Departments of Surgery, Academic Medical Centre, Amsterdam, The Netherlands.
Departments of Interventional Radiology, Academic Medical Centre, Amsterdam, The Netherlands.
Br J Surg. 2016 Jul;103(8):941-9. doi: 10.1002/bjs.10148.
BACKGROUND: Pancreatic cancer involving the coeliac axis is considered unresectable by most guidelines, with a median survival of 6-11 months. A subgroup of these patients can undergo distal pancreatectomy with coeliac axis resection, but consensus on the value of this procedure is lacking. The evidence for this procedure, including the impact of preoperative hepatic artery embolization and (neo)adjuvant therapy, was evaluated. METHODS: A systematic review was performed according to the PRISMA guidelines until 27 May 2015. The primary endpoint was overall survival; secondary endpoints included morbidity and radical resection rates. RESULTS: A total of 19 retrospective studies, involving 240 patients, were included. The methodological quality of the studies ranged from poor to moderate. A radical resection was reported in 74·5 per cent (152 of 204), major morbidity in 27 per cent (26 of 96), ischaemic morbidity in 9·0 per cent (21 of 223) and 90-day mortality in 3·5 per cent (4 of 113).

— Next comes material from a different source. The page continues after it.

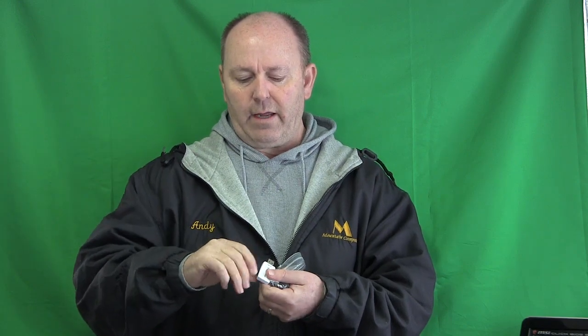This here is a Transcend card reader adapter to USB 3. In there you can put these little SanDisk chips. I use these for backups as well as operating systems.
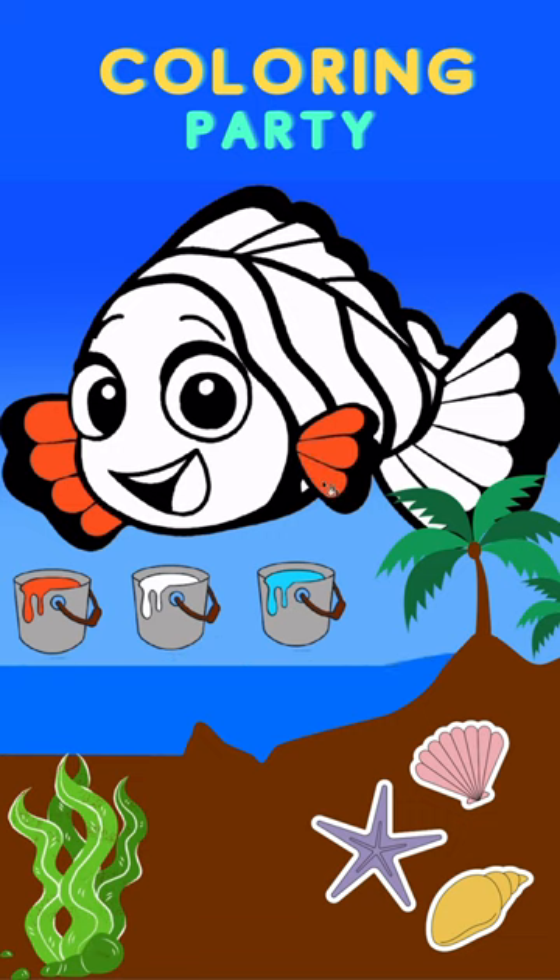Which color should be the tail? It's also orange color.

Overall, 35·5 per cent of patients (55 of 155) underwent preoperative hepatic artery embolization without an apparent beneficial impact on ischaemic morbidity. Overall, 15·7 per cent (29 of 185) had neoadjuvant and 51·0 per cent (75 of 147) had adjuvant therapy. There was a difference in survival between patient series where less than half of patients had (neo)adjuvant chemotherapy and series where more than half were receiving this treatment: case-weighted median overall survival was 16 (range 9-48) versus 18 (10-26) months respectively (P = 0·002). Overall median survival for the whole study population was 14·4 (range 9-48) months. CONCLUSION: Distal pancreatectomy with coeliac axis resection seems a valuable option for selected patients with pancreatic cancer involving the coeliac axis with acceptable morbidity and mortality, and a median survival of 18 months when combined with (neo)adjuvant therapy.
背景:大多数指南认为,涉及腹腔动脉的胰腺癌无法切除,中位生存期为 6-11 个月。这些患者中有一部分可以进行胰尾部切除术伴腹腔动脉切除,但对该手术的价值尚未达成共识。评估了该手术的证据,包括术前肝动脉栓塞和(新)辅助治疗的影响。 方法:根据 PRISMA 指南进行系统回顾,截至 2015 年 5 月 27 日。主要终点是总生存;次要终点包括发病率和根治性切除率。 结果:共纳入 19 项回顾性研究,涉及 240 例患者。研究的方法学质量从差到中等不等。报告根治性切除率为 74.5%(204 例中的 152 例),主要发病率为 27%(96 例中的 26 例),缺血发病率为 9.0%(223 例中的 21 例),90 天死亡率为 3.5%(113 例中的 4 例)。总体而言,35.5%(155 例中的 55 例)患者行术前肝动脉栓塞,缺血发病率无明显获益。总体而言,15.7%(185 例中的 29 例)接受新辅助治疗,51.0%(147 例中的 75 例)接受辅助治疗。接受(新)辅助化疗的患者少于一半的病例系列和接受(新)辅助化疗的患者多于一半的病例系列之间的生存率存在差异:加权中位数总生存分别为 16(9-48)和 18(10-26)个月(P=0.002)。整个研究人群的中位总生存期为 14.4(9-48)个月。 结论:对于涉及腹腔动脉的胰腺癌患者,胰尾部切除术伴腹腔动脉切除是一种有价值的选择,发病率和死亡率可接受,联合(新)辅助治疗时的中位生存期为 18 个月。